_EXERCISE INSTRUCTIONS_. Would you give the listing again exactly as written, minus its pictures?

_INFORMATION SUPPLIED_.
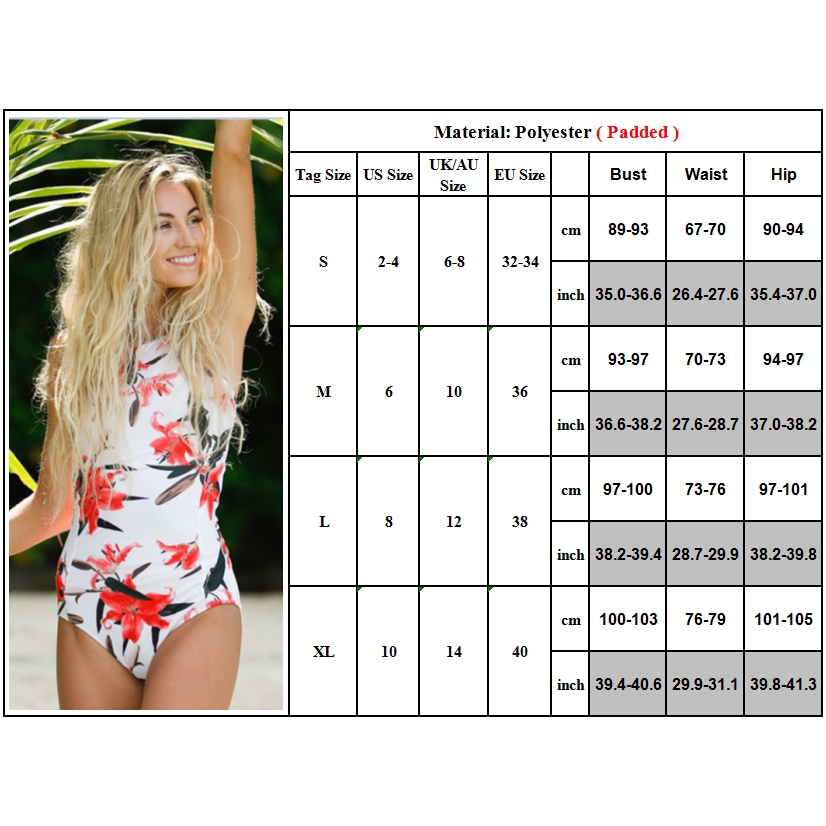 Đồ bơi một mảnh hoạ tiết kẻ sọc phối hoa cho phái nữ | BigBuy360 - bigbuy360.vn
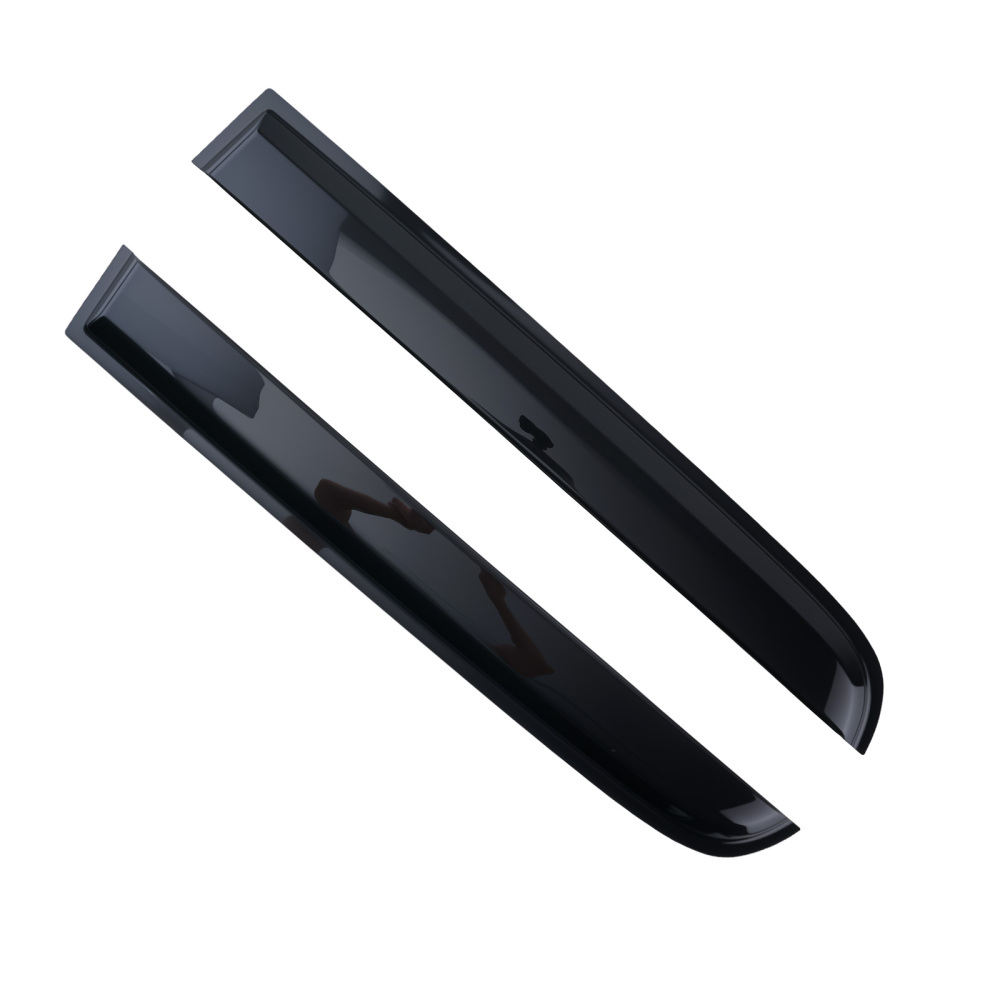 Weather Shields compatible for Mitsubishi ASX 2010-2024 Outside Mount Rain Guards Set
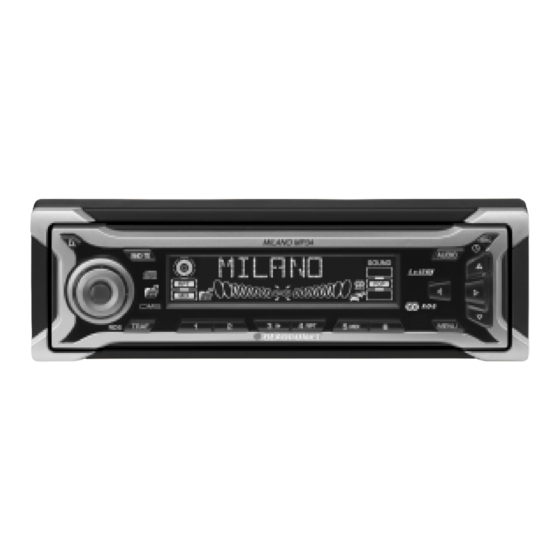 Blaupunkt Santa Cruz MP34 Bedienungsanleitung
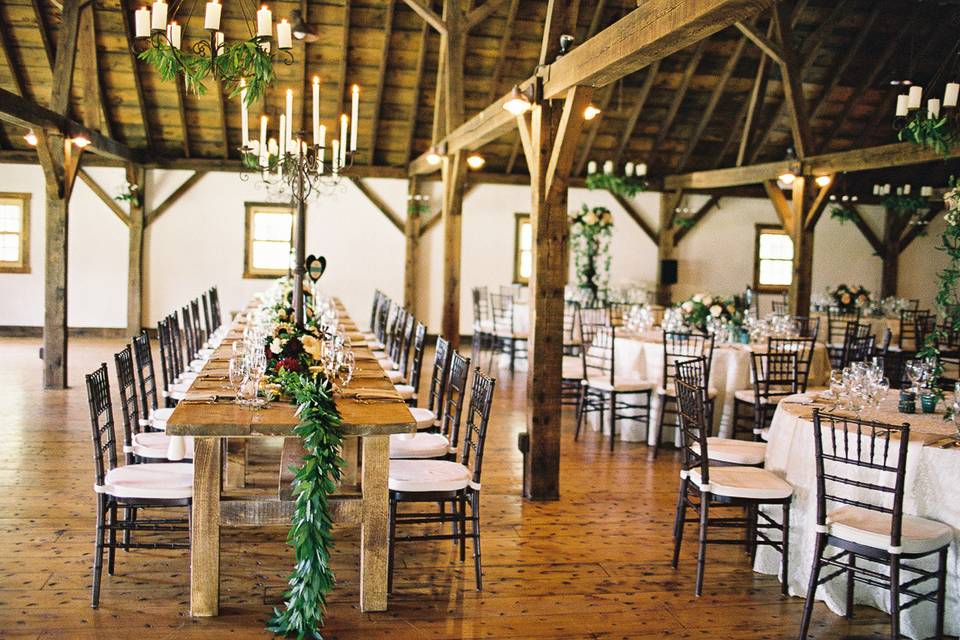 Brown Barn Reception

_OUTPUT FOR THIS EXERCISE_.
 Đồ bơi một mảnh hoạ tiết kẻ sọc phối hoa cho phái nữ | BigBuy360 - bigbuy360.vn
 Weather Shields compatible for Mitsubishi ASX 2010-2024 Outside Mount Rain Guards Set
 Blaupunkt Santa Cruz MP34 Bedienungsanleitung
 Brown Barn Reception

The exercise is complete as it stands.